### Records for the task ###

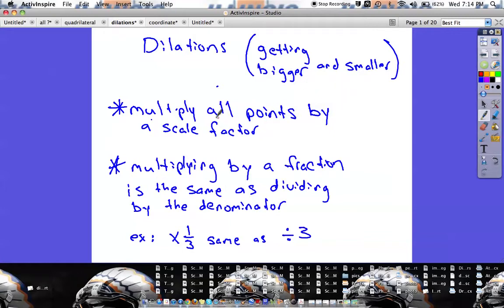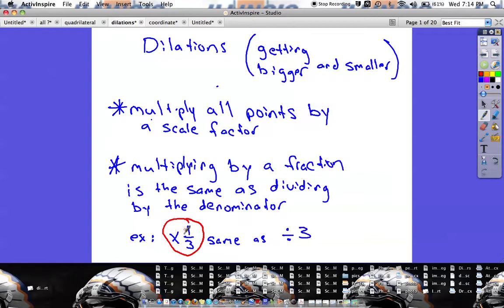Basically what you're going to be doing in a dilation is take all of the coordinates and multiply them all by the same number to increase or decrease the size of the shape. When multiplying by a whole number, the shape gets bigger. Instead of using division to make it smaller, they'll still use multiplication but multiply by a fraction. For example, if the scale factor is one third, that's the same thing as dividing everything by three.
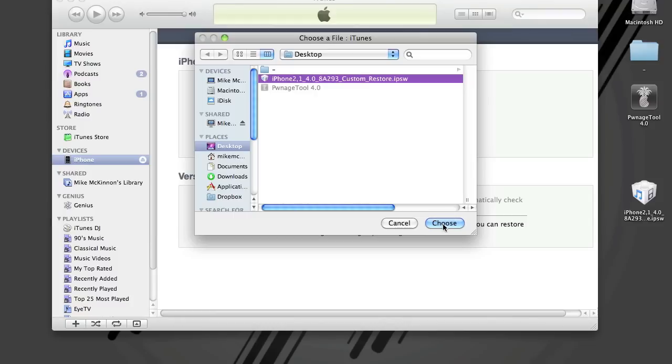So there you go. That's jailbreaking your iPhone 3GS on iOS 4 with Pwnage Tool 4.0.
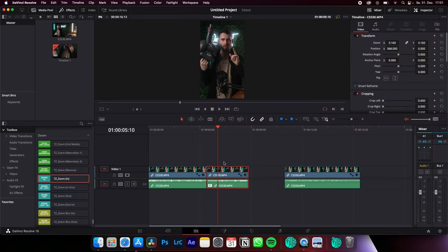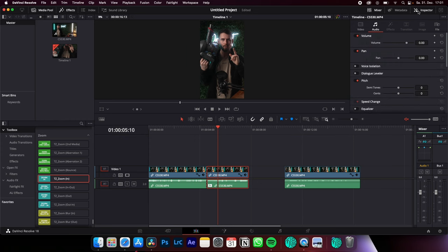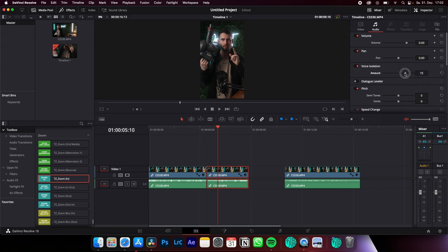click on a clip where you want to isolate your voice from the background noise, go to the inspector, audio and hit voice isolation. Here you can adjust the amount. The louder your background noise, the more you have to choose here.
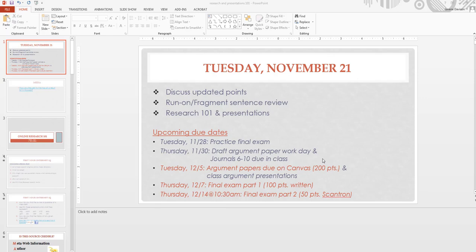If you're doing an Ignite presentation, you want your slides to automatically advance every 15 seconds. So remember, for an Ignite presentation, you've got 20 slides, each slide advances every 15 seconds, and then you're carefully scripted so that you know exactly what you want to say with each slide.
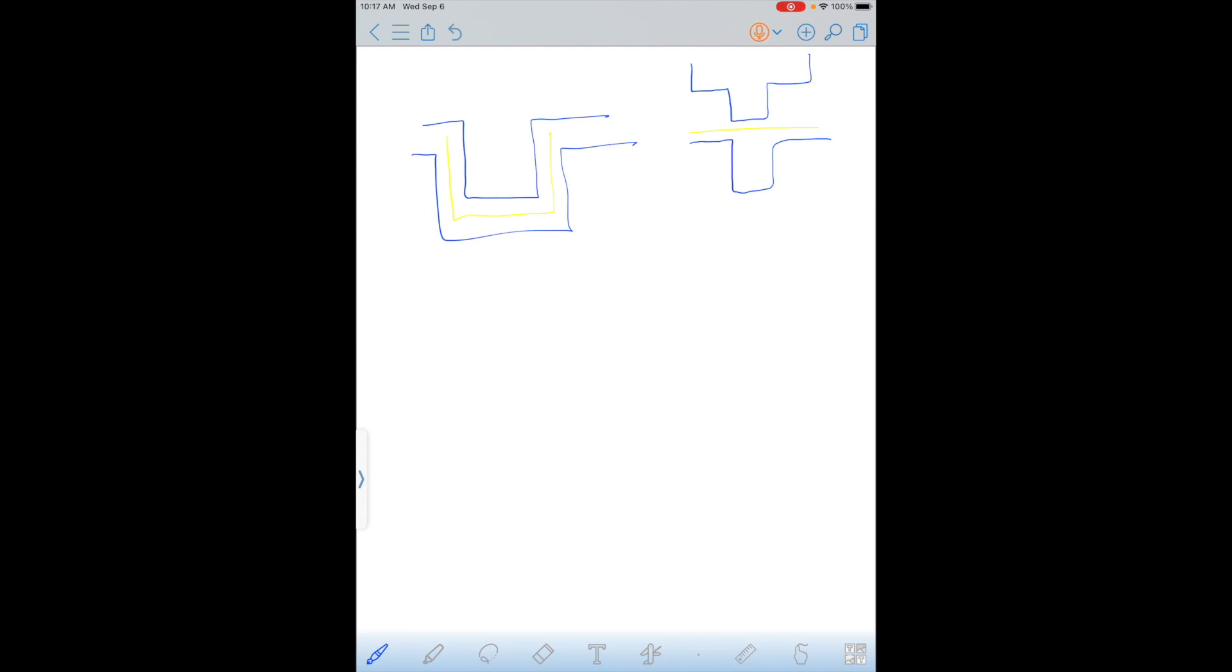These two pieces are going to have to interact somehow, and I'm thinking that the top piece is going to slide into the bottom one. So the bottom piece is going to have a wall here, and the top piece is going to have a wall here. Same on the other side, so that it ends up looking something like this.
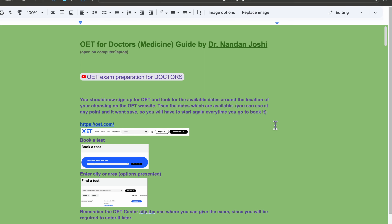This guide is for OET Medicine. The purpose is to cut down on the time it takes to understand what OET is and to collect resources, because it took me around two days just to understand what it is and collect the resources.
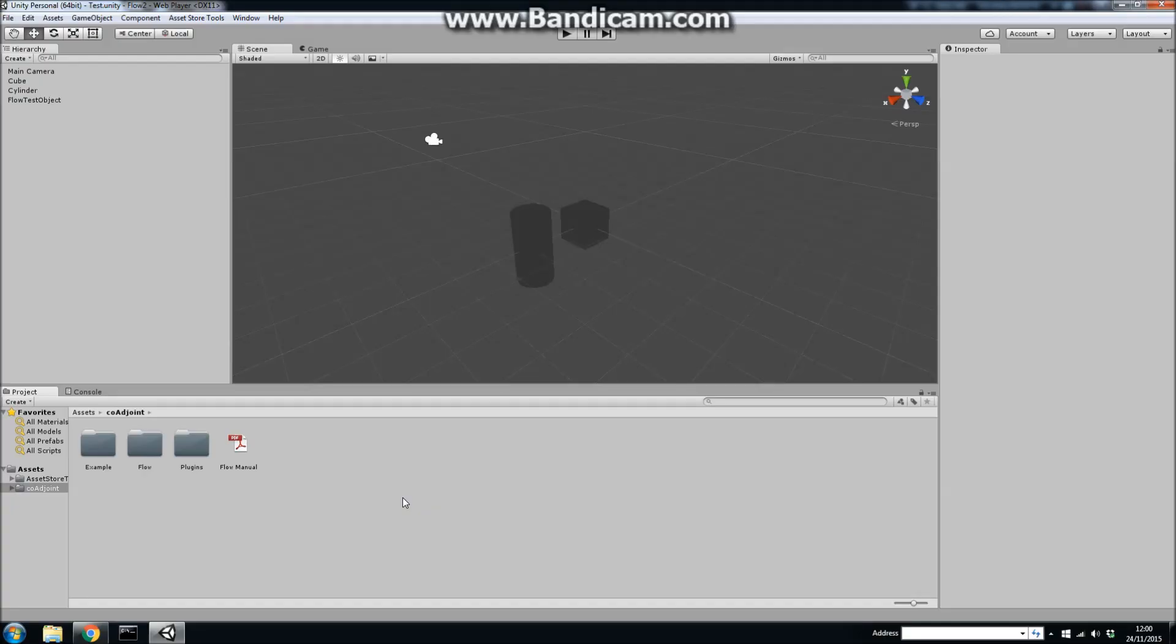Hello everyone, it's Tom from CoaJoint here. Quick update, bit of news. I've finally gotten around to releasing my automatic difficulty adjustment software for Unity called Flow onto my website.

###

Task item:
The records above should be returned exactly; no image belongs in the copy.

Your response:
Basically what you're going to be doing in a dilation is take all of the coordinates and multiply them all by the same number to increase or decrease the size of the shape. When multiplying by a whole number, the shape gets bigger. Instead of using division to make it smaller, they'll still use multiplication but multiply by a fraction. For example, if the scale factor is one third, that's the same thing as dividing everything by three.
So there you go. That's jailbreaking your iPhone 3GS on iOS 4 with Pwnage Tool 4.0.
click on a clip where you want to isolate your voice from the background noise, go to the inspector, audio and hit voice isolation. Here you can adjust the amount. The louder your background noise, the more you have to choose here.
If you're doing an Ignite presentation, you want your slides to automatically advance every 15 seconds. So remember, for an Ignite presentation, you've got 20 slides, each slide advances every 15 seconds, and then you're carefully scripted so that you know exactly what you want to say with each slide.
These two pieces are going to have to interact somehow, and I'm thinking that the top piece is going to slide into the bottom one. So the bottom piece is going to have a wall here, and the top piece is going to have a wall here. Same on the other side, so that it ends up looking something like this.
This guide is for OET Medicine. The purpose is to cut down on the time it takes to understand what OET is and to collect resources, because it took me around two days just to understand what it is and collect the resources.
Hello everyone, it's Tom from CoaJoint here. Quick update, bit of news. I've finally gotten around to releasing my automatic difficulty adjustment software for Unity called Flow onto my website.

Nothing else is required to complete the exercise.